§ Required work:
Print out the data below in full and exactly, skipping the pictures.

§ The data:
*-*-*

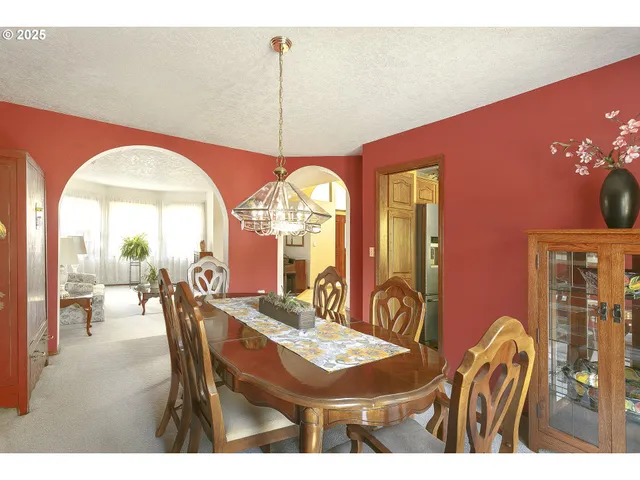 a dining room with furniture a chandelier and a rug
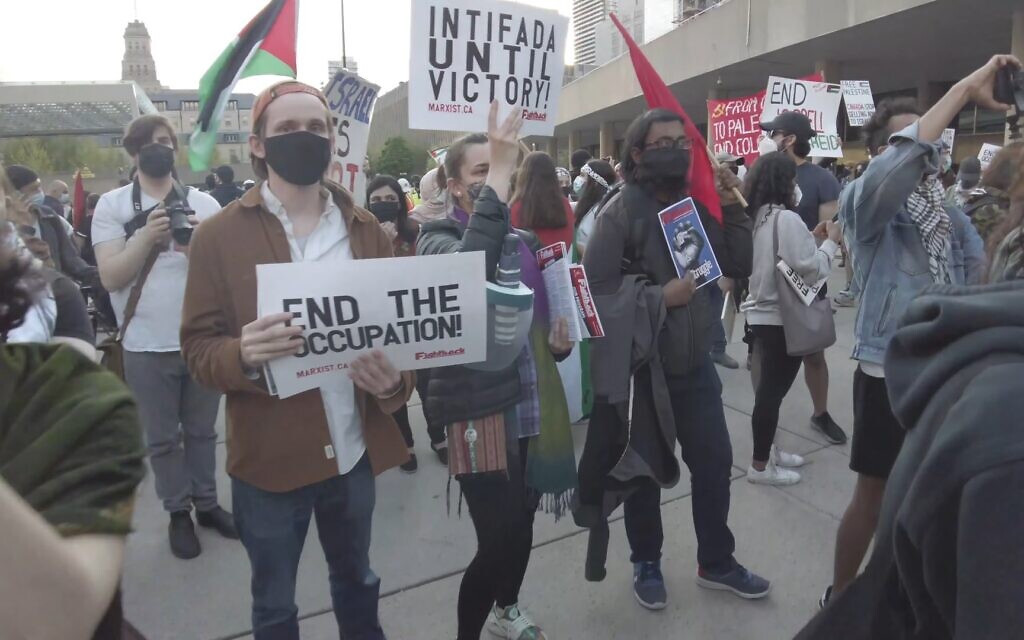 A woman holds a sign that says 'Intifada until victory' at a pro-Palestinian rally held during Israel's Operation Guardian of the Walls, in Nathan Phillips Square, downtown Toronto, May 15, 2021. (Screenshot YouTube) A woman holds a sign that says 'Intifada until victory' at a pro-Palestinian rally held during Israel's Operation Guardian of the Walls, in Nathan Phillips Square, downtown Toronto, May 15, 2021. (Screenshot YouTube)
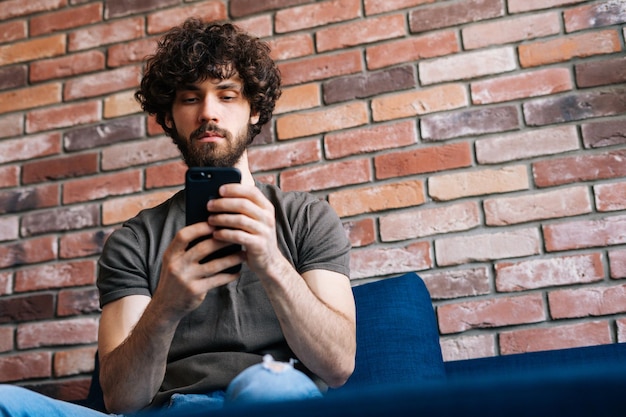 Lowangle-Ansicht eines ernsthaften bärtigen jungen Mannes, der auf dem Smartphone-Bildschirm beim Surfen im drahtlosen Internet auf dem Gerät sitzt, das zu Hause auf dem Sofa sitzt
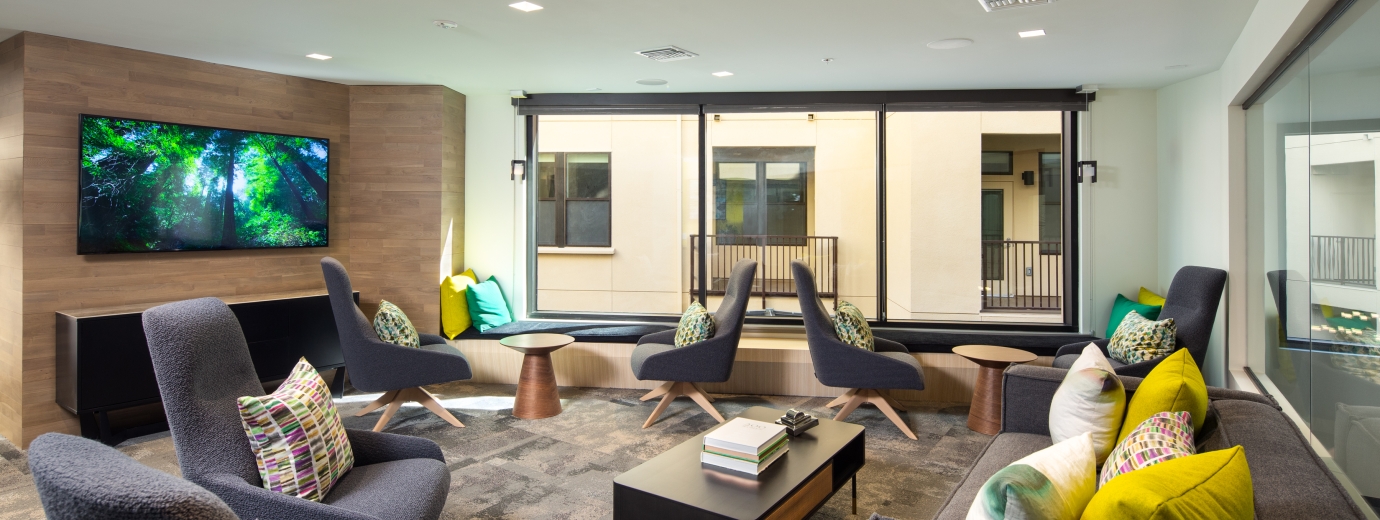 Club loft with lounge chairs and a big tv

*-*-*

§ Result of this exercise:
 a dining room with furniture a chandelier and a rug
 A woman holds a sign that says 'Intifada until victory' at a pro-Palestinian rally held during Israel's Operation Guardian of the Walls, in Nathan Phillips Square, downtown Toronto, May 15, 2021. (Screenshot YouTube) A woman holds a sign that says 'Intifada until victory' at a pro-Palestinian rally held during Israel's Operation Guardian of the Walls, in Nathan Phillips Square, downtown Toronto, May 15, 2021. (Screenshot YouTube)
 Lowangle-Ansicht eines ernsthaften bärtigen jungen Mannes, der auf dem Smartphone-Bildschirm beim Surfen im drahtlosen Internet auf dem Gerät sitzt, das zu Hause auf dem Sofa sitzt
 Club loft with lounge chairs and a big tv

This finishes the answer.